(Stored items)
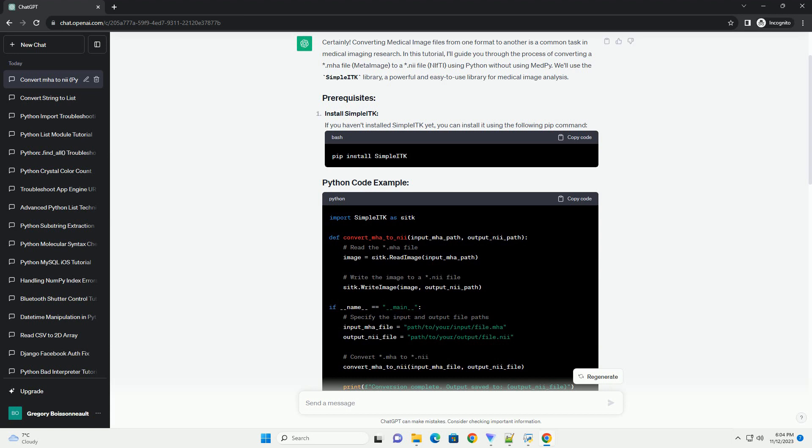Make sure to replace path/to/your/input/file.mha with the path to your actual input .mha file and path/to/your/output/file.nii with the desired output path and file name for the .nii file.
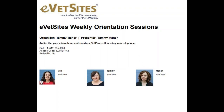Hi, welcome to today's session. We are concentrating on uploading images, working with tables, and spacing on your website. My name is Tammy, and I am with eVetsites. Megan is also on the line and she'll be helping to answer questions.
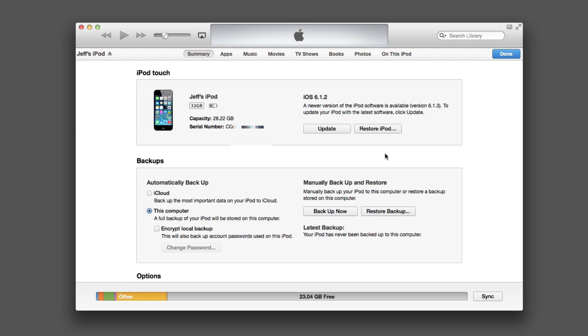If you don't see the update there, then you can always open up iTunes with your device connected and click the Update button. It should say a newer version of the software is available with 7.0 once it's released, so you can do it one of two different ways.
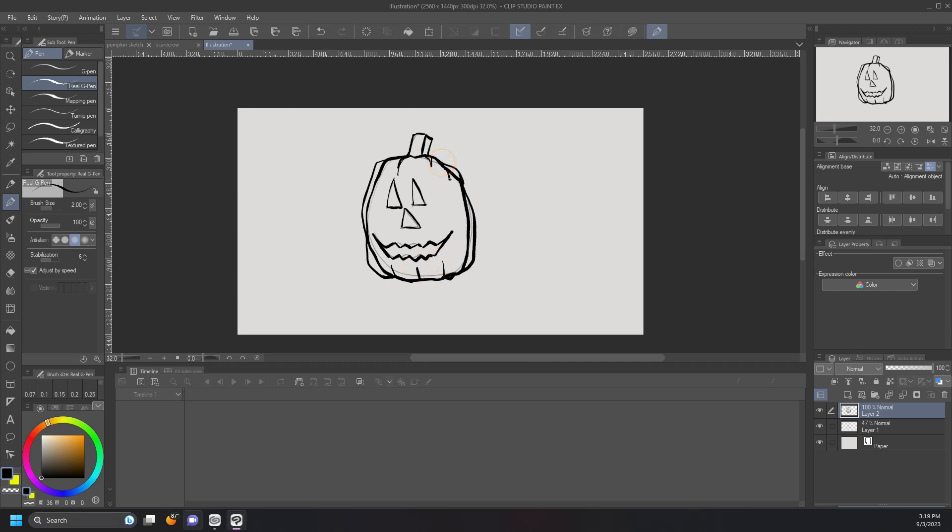And now I'm going to come in here and I'm going to darken some of this in. Basically, I have the light coming from the right side and we'll just make this left side here in the shadow. And that's basically it.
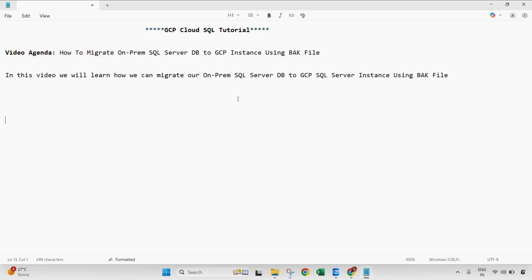So this is how we can migrate our on-premises SQL Server database to GCP SQL instance using a .bak file. I hope you like this video. Thanks for watching, bye bye.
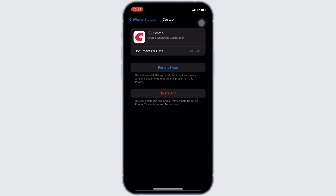That's all for today, and this is simply how you can fix the Costco mobile app not working. Make sure to smash the like button and consider subscribing if you found this video helpful. Thank you for watching.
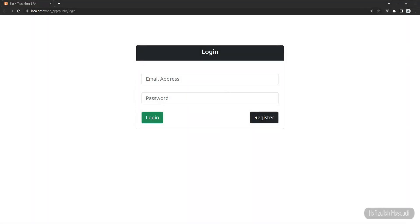Hey everyone, welcome back to my channel Code with Afeez. My name is Afeez Al-Amasoudi and in this video I'm going to show you how to add AdminLTE template in your Laravel 9 and Vue.js 3 single page applications. If you find this video useful, don't forget to hit the like button and write a nice comment, and if you are new to this channel don't forget to subscribe too.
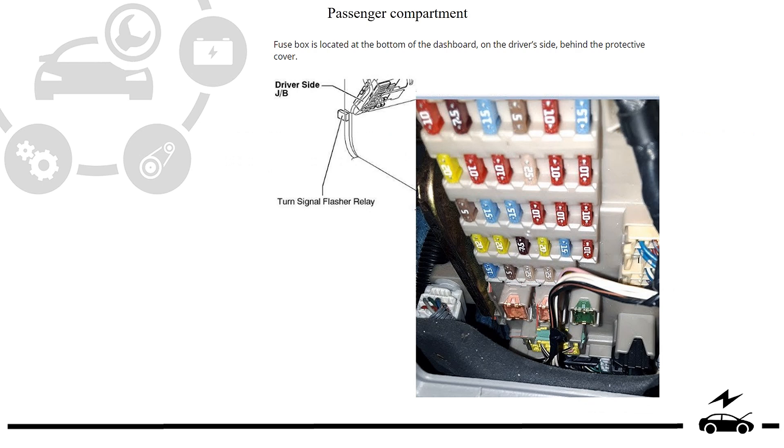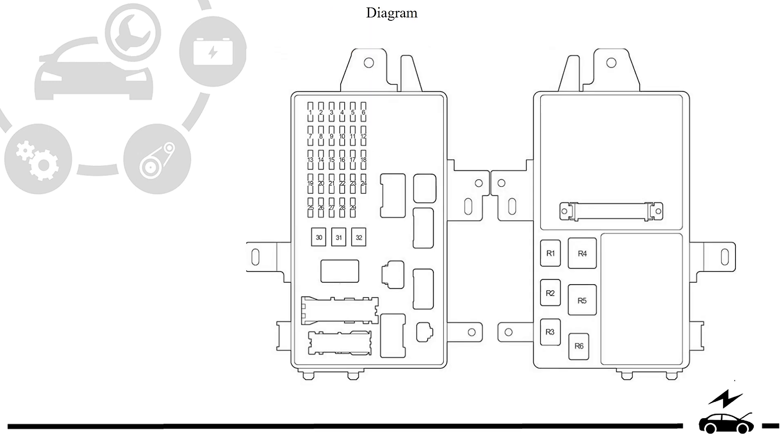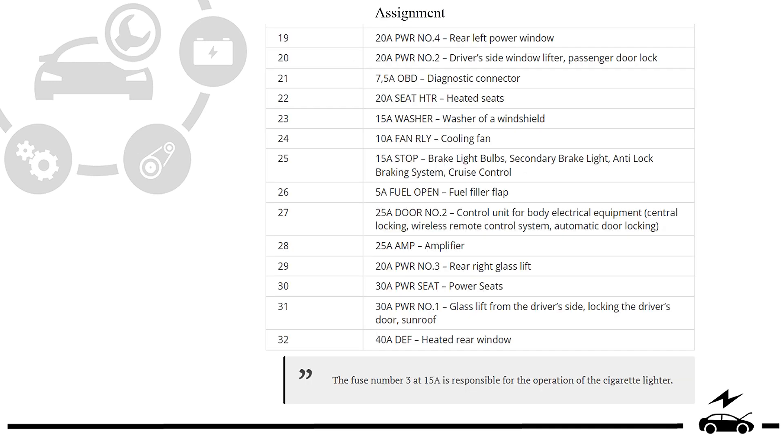Passenger compartment fuse box: location, photo, diagram, assignment.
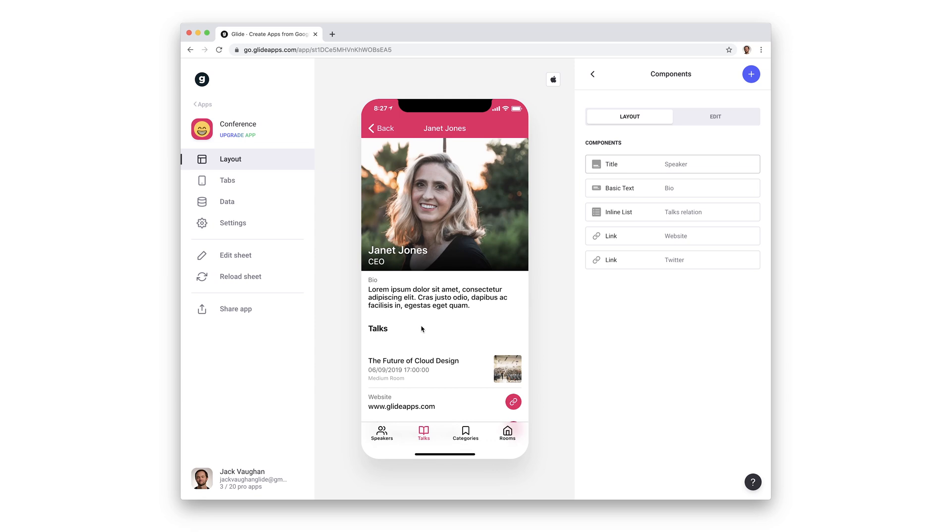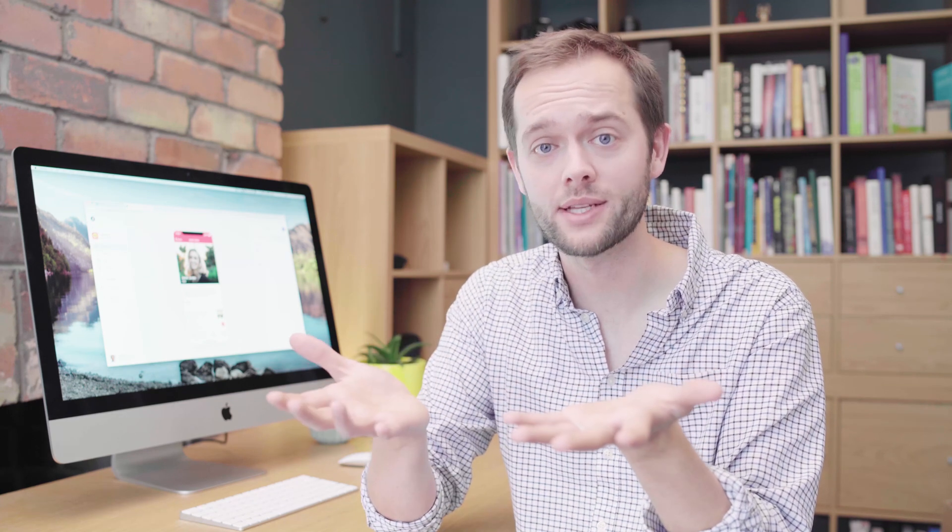In this conference app, you can see that each talk has a speaker, which is a link to another row in our sheet. This is an incredibly normal thing to need in apps, items relating to other items. And the data editor makes it really easy to set up.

WORK INSTRUCTION: Apart from the pictures, the entries above are to be repeated in full and exactly.

EXERCISE RESPONSE:
Make sure to replace path/to/your/input/file.mha with the path to your actual input .mha file and path/to/your/output/file.nii with the desired output path and file name for the .nii file.
Hi, welcome to today's session. We are concentrating on uploading images, working with tables, and spacing on your website. My name is Tammy, and I am with eVetsites. Megan is also on the line and she'll be helping to answer questions.
If you don't see the update there, then you can always open up iTunes with your device connected and click the Update button. It should say a newer version of the software is available with 7.0 once it's released, so you can do it one of two different ways.
And now I'm going to come in here and I'm going to darken some of this in. Basically, I have the light coming from the right side and we'll just make this left side here in the shadow. And that's basically it.
So this is how we can migrate our on-premises SQL Server database to GCP SQL instance using a .bak file. I hope you like this video. Thanks for watching, bye bye.
That's all for today, and this is simply how you can fix the Costco mobile app not working. Make sure to smash the like button and consider subscribing if you found this video helpful. Thank you for watching.
Hey everyone, welcome back to my channel Code with Afeez. My name is Afeez Al-Amasoudi and in this video I'm going to show you how to add AdminLTE template in your Laravel 9 and Vue.js 3 single page applications. If you find this video useful, don't forget to hit the like button and write a nice comment, and if you are new to this channel don't forget to subscribe too.
Passenger compartment fuse box: location, photo, diagram, assignment.
In this conference app, you can see that each talk has a speaker, which is a link to another row in our sheet. This is an incredibly normal thing to need in apps, items relating to other items. And the data editor makes it really easy to set up.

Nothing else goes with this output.